» WHAT IS BEING ASKED:
For each entry below, copy the text exactly and leave out any picture.

» EXERCISE INPUT:
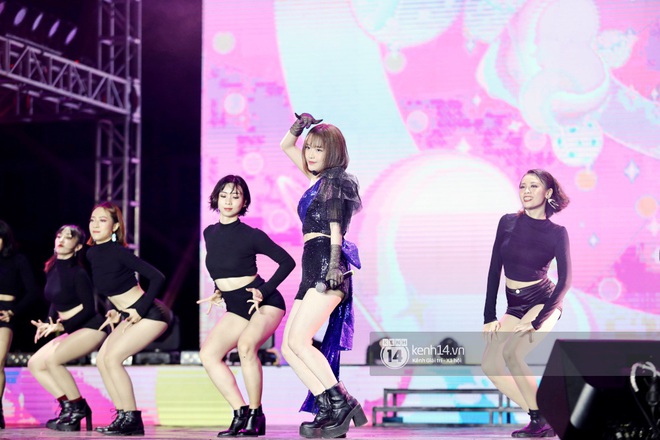 Đêm nhạc khủng Year End Party Hàn-Việt: Hyuna - Monsta X sexy bùng nổ, K-ICM và cặp Canh Ba gây sốt với sân khấu quá đỉnh - Ảnh 44.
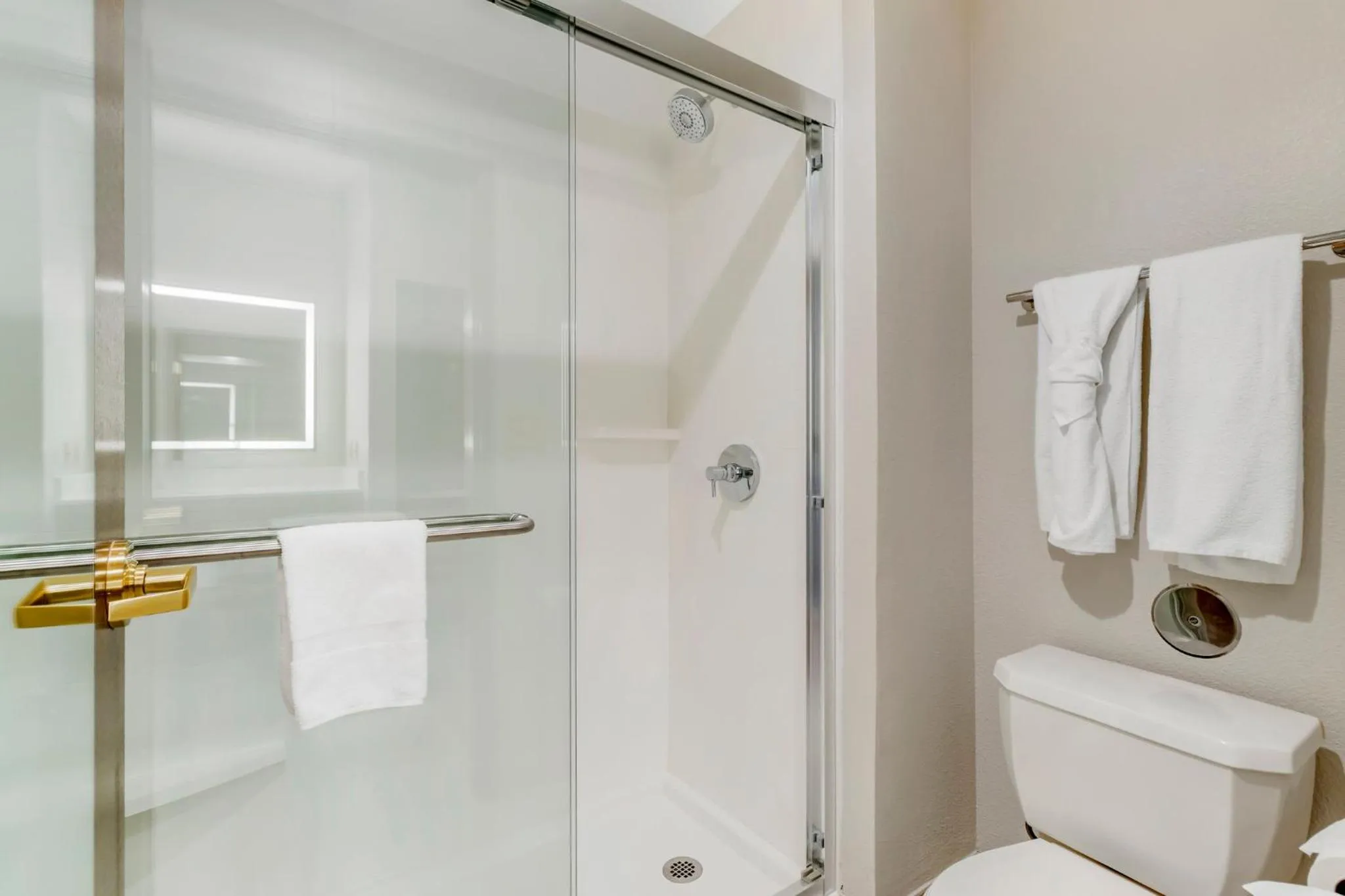 Photo of the whole room in Holiday Inn Express Fallon by IHG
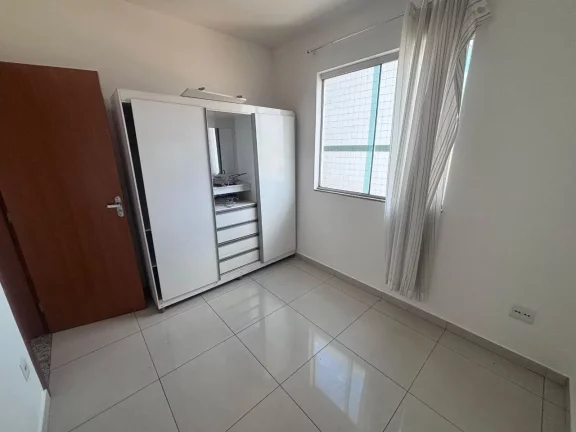 Imagem Excelente apartamento, 3 quartos sendo um com suite, sala ampla pra dois ambientes em porcelanato, c...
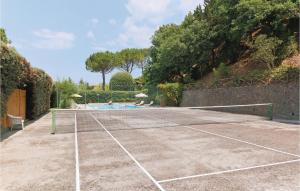 Tenis dan/atau kemudahan skuasy di Stunning Home In San Feliciano Sul Tpg atau berdekatan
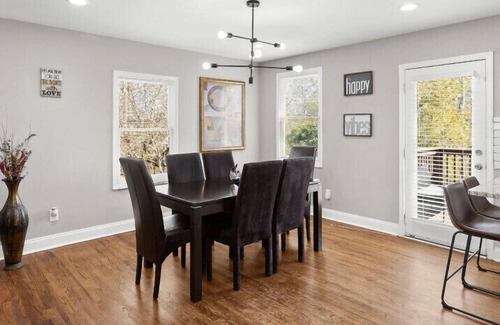 Belvedere Park House | Stylish 5 bedroom 4bath home 10 mins from Downtown Atl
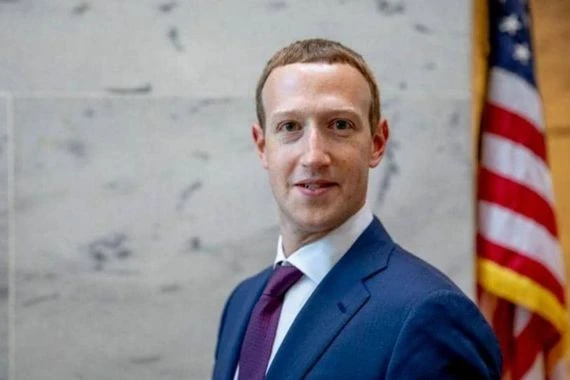 مؤسس فيسبوك يرد على ساندرز حول وجود المليارديرات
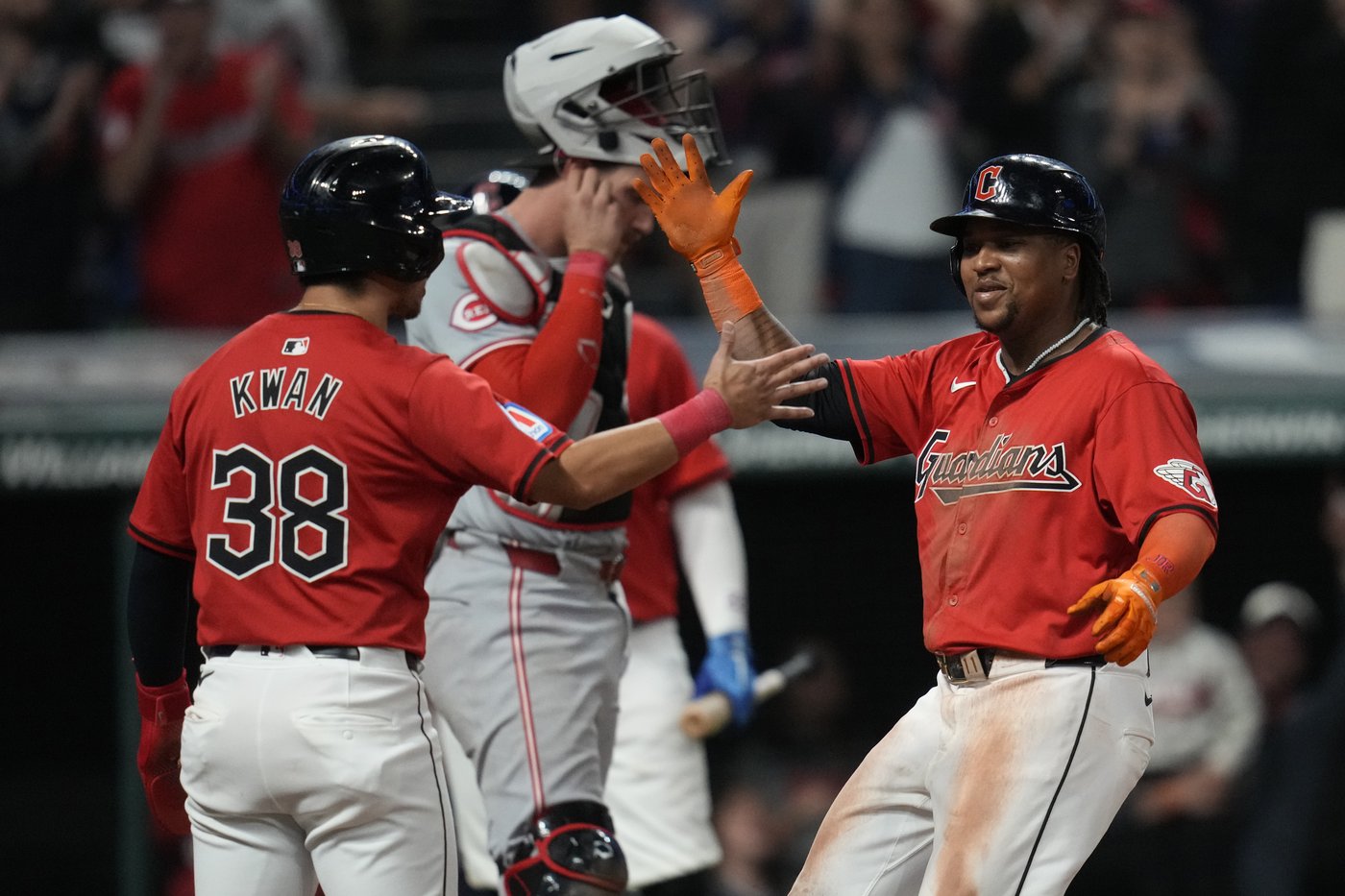 All-Star OF Steven Kwan homers in first at-bat in return from IL as Guardians down Reds 5-2 win | iNFOnews.ca All-Star OF Steven Kwan homers in first at-bat in return from IL as Guardians down Reds 5-2 win | iNFOnews.ca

» TASK RESULT:
 Đêm nhạc khủng Year End Party Hàn-Việt: Hyuna - Monsta X sexy bùng nổ, K-ICM và cặp Canh Ba gây sốt với sân khấu quá đỉnh - Ảnh 44.
 Photo of the whole room in Holiday Inn Express Fallon by IHG
 Imagem Excelente apartamento, 3 quartos sendo um com suite, sala ampla pra dois ambientes em porcelanato, c...
 Tenis dan/atau kemudahan skuasy di Stunning Home In San Feliciano Sul Tpg atau berdekatan
 Belvedere Park House | Stylish 5 bedroom 4bath home 10 mins from Downtown Atl
 مؤسس فيسبوك يرد على ساندرز حول وجود المليارديرات
 All-Star OF Steven Kwan homers in first at-bat in return from IL as Guardians down Reds 5-2 win | iNFOnews.ca All-Star OF Steven Kwan homers in first at-bat in return from IL as Guardians down Reds 5-2 win | iNFOnews.ca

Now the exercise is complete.